The next three years saw Ieyasu make administrative changes in the running of the fief; appointing three Commissioners to take charge of the province’s affairs. The Commissioners worked under his direction and of his hereditary councillors: Ishikawa Kazumasu, Honda Masanobu (chief councillor), Sakai Shigetada and Sakakubara Tademasa.

Takeda Shingen
One of the great warriors of the age Takeda Harunobu, now a Zen monk called Archbishop Shingen and an ally of Ujizane’s, decided that Ujizane’s lands would match well with his own mountainous fief. He had his eldest son put to death and returned the son’s wife to her father, Ujizane.
Shingen proposed to Ieyasu that they join forces after a proposal to Ujizane to join forces and attack Ieyasu, a proposal Ujizane refused. Ieyasu and Shingen agreed that Ieyasu would take Totomi, while Shingen would have Suruga. Ujizane’s men fled before the onslaught of Shingen and Ieyasu’s troops. Shingen’s attack on Sumpu was thrown back by an ally of Ujizane’s, Hojo.

Ieyasu besieged Ujizane in Kakegawa; suggesting to Ujizane that if he surrendered Totomi to him then Ieyasu would in turn help Ujizane and Hojo regain the fief of Suruga[iv]. Ujizane agreed to Ieyasu’s proposal and retired to Kyoto, where he shone at football, but did not impress Nobunaga with his abilities as a daimyo. Around this time Shingen’s daughter was engaged to Nobunaga’s son, while Ieyasu’s son married Nobunaga’s daughter.
In July 1569 Shingen returned to Suruga, attacking Hojo and retook the province. Shingen also tried unsuccessfully to get one of Ieyasu’s dependents to attack his lord. This failure was followed by an assassination attempt, which again failed. In December the Emperor gave Ieyasu permission to resume the family name of Tokugawa, reaffirming Ieyasu’s connection with this honoured name and distinguishing his line from the many other Matsuidaras.  

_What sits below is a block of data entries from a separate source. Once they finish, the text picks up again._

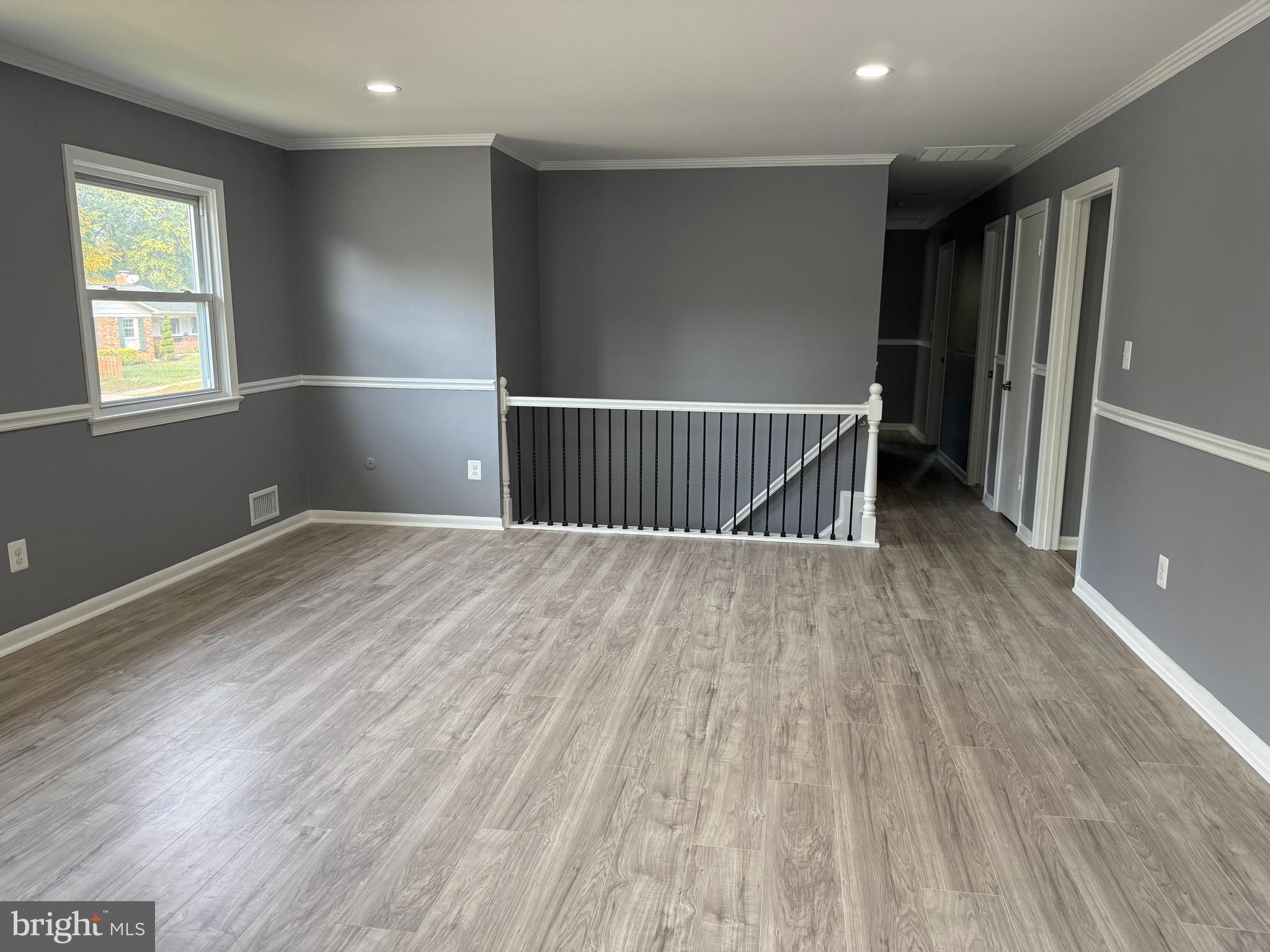 DANIA HILLS - Residential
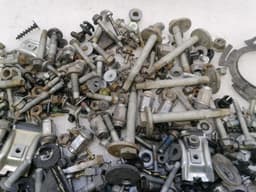 CHEVROLET CHEVROLET CORVETTE C6 SCREENS SCREWS BOLTS FROM ONE CAR SET SCREWS — thumbnail 8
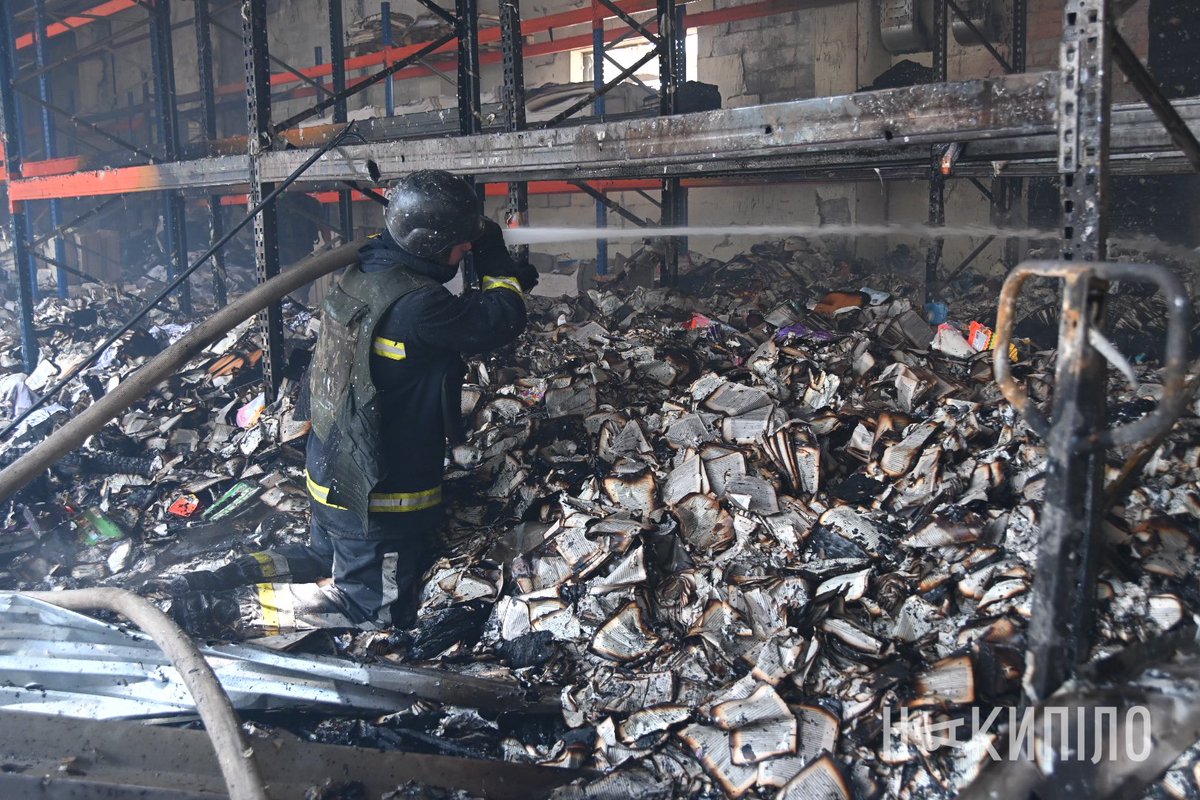 Firefighter puts out the fire at the printing house after the Russian strike. Russians deliberately target civilian infrastructure and continue murdering Ukrainians. 📷 Ihor Leptuha, Nakypilo Kharkiv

At the beginning of 1570 Ieyasu moved his capital to Hikuma, in Totomi, which he renamed Hamamatsu, leaving Nobuyasu in charge of Okazaki. Ieyasu’s wife remained with her son; her violent temper and eccentricity making her a difficult companion.
Intrigue

Shogun Yoshiaki
The Shogun Yoshiaki, whose security and prosperity depended on Nobunaga, now felt comfortable enough to intrigue against his protector. He invited Takeda Shingen, Asai Nagamasa[v]  and Asakura Yoshikage[vi] to attack Nobunaga on all fronts, with the potential to cut his communications with his home province.
The Shogun was celebrating the completion of his palace; an event in Kyoto being attended by the court and great lords of the land. Ieyasu and Nobunaga met under the cover of these activities and left the city marching and taking two forts. Nobunaga was about to attack Asakura’s capital, when he heard that the Shogun had persuaded Asai to act against his brother-in-law. This decided Nobunaga to retreat, which was covered by Ieyasu and Hideyoshi.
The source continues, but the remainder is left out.